Business boost past Brunswick
ACCOMMODATION across Byron Shire and for most of the region is virtually booked out for Easter, thanks in large part to up to 40,000 people attending the Byron Bay Blues Festival over the next five days.
There were just a handful of unpowered camping sites available in Byron Bay and Mullumbimby as of yesterday, according to the acting manager of the Byron Bay Visitor Centre, Melissa Sanders.
But a broad cross section of businesses beyond hotels, motels and caravan parks will reap the benefits of the event which kicks off this afternoon.
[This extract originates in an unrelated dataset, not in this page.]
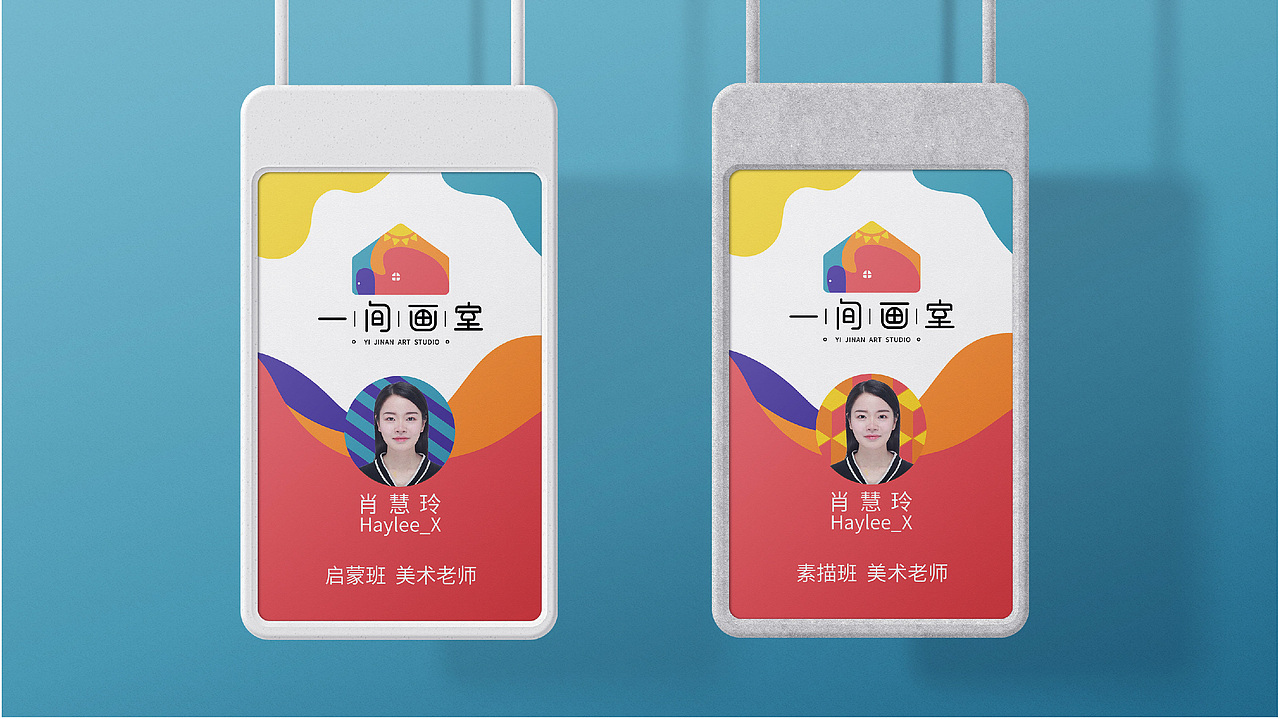 一间画室 品牌设计（图ZMjk1NDA5OTA0） - 品牌 - 站酷设计师生长的多肉原创素材 - 站酷ZCOOL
Thanks to the festival now being based at Tyagarah, the north of the shire is increasingly cashing in.
A growing number of punters are choosing to skip Byron and stay in the Brunswick Valley as it's quicker to get to the festival, especially as they can bypass the notoriously congested Ewingsdale Rd.
Peter Wotton, the vice president of the Brunswick Heads Chamber of Commerce said even day visitors from the north were leaving their cars in the north of the shire and taking the bus to the event, providing an even bigger boom to local eateries and shops.
"We know of a lot of people who park at South Golden Beach," he said.
The Brunswick Heads visitor centre itself does a brisk trade in souvenirs over Easter as the bus-stop for the festival is outside its front door.
Mr Wotton said a lot of people found five solid days of music a little too intense and broke it up with activities in the area, providing a shot in the arm for another range of businesses.
Skydive Byron Bay, which neighbours the festival site, hands out vouchers at the event.
"It definitely has a positive flow-on effect for our business," said national operations manager Tracy Brown.
Easter is the third-busiest peri- od of the year for The Yum Yum Tree Cafe at New Brighton, said owner Manfred Rudolf.
The village has dozens of holiday homes, many accommodating Bluesfest-goers at this time of the year, he said.